Robert Badinter continue de militer contre la peine de mort, quarante ans après l'avoir fait abolir en France. - Eric Feferberg - AFP
Robert Badinter continue de militer contre la peine de mort, quarante ans après l'avoir fait abolir en France. - Eric Feferberg - AFP

À 12h25 précises ce 30 septembre, quarante ans s'étaient écoulés en France depuis l'abolition de la peine de mort. C'est en effet à cette heure et à cette date que les sénateurs de 1981 ont adopté, dans un Palais du Luxembourg encore dominé par la droite, le texte voté au préalable par un Palais-Bourbon passé à gauche depuis quelques mois.

Mais ces quatre décennies n'ont pas suffi à clore le débat. Le 15 septembre dernier, sur notre plateau, Eric Zemmour - qui n'est toujours pas officiellement candidat à la présidentielle - avait ainsi estimé: "Je ne pense pas qu’on ait bien fait d’abolir la peine de mort." "Philosophiquement, j’y suis favorable", avait même ajouté l'essayiste.

Interrogé mercredi par Libération, Robert Badinter, qui fut le grand artisan de l'abolition de la peine de mort en tant qu'avocat puis de ministre de la Justice de François Mitterrand, ne s'en est pas laissé compter. "La peine de mort en France, c’est fini", a-t-il notamment lâché, lapidaire.

"Rétablir la peine de mort, c’est impossible"

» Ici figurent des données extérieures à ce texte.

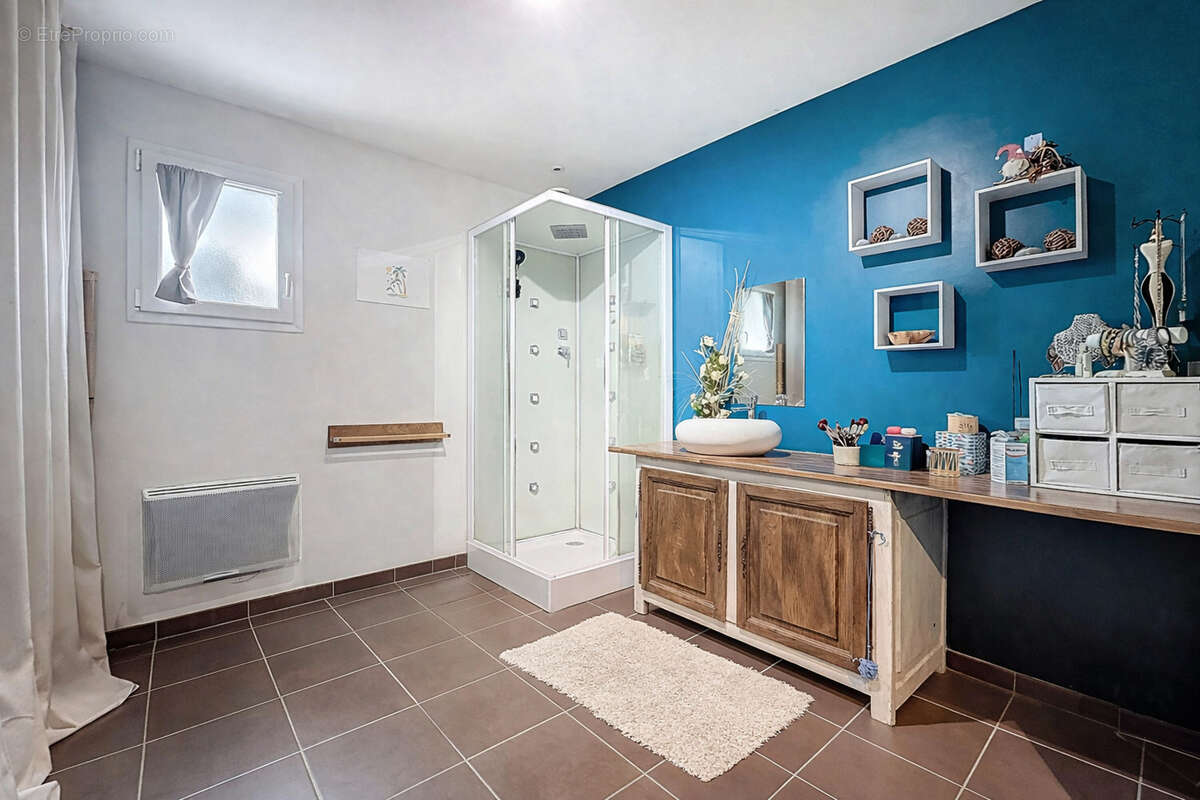 Maison à CHAMP-SUR-LAYON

Sans citer le nom d'Eric Zemmour, il a développé: "Chacun est libre de ses convictions dans une démocratie. Les mouvements de menton ne sont pas les fondements des lois". Selon lui, la restauration de la guillotine impliquerait d'abord un changement de régime:

"En vérité, il faudrait une révolution, un dictateur qui prenne le pouvoir, dénonce les accords internationaux de la France pour que la peine de mort soit rétablie… On joue à se faire peur, mais c’est fini la peine de mort en France. Et j’en étais sûr quand le texte a été voté au Sénat. J’ai posé la main sur la plaque qui marque le siège de Victor Hugo et j’ai pensé : 'C’est fait.'"

Et l'ancien Garde des Sceaux de citer les garde-fous immunisant le pays contre un retour de la peine de mort:

"Rétablir la peine de mort, c’est impossible. Le président Chirac a fait constitutionnaliser l’abolition en 2007. Cela signifie qu’un président de la République française qui voudrait instaurer à nouveau la peine de mort devrait faire réviser la Constitution. Il devrait aussi déchirer la Convention européenne des droits de l’homme et d’autres traités".

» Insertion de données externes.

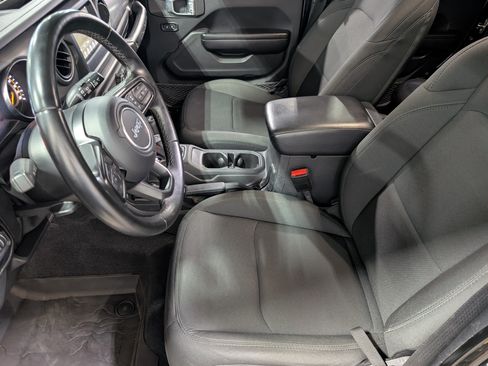 Used 2021 Jeep Wrangler Unlimited Sport AWD/4WD image 10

Le trompe-l'oeil de l'actualité?

Face à Jean-Jacques Bourdin, Eric Zemmour avait lui-même admis que son inclination "philosophique" pour la peine de mort était, justement, plus intellectuelle que politique: "Ce n’est pas quelque chose qu’on va faire tout de suite. Il y a d’autres priorités."

Pour autant, le probable candidat à l'élection présidentielle ne prêche pas dans le désert. Dans l'opinion, une majorité serrée mais nette se prononce en faveur de la peine de mort. Du moins, c'est ce qu'a affirmé un sondage Ipsos pour Le Monde en 2020, assurant que 55 % des Français étaient encore en faveur du couperet.

"Quant aux chiffres actuels, ils s’expliquent parce qu’on fait des sondages à l’occasion des grands crimes ou des attentats terroristes. Il faudrait les faire à intervalles réguliers, hors actualité criminelle", a balayé Robert Badinter.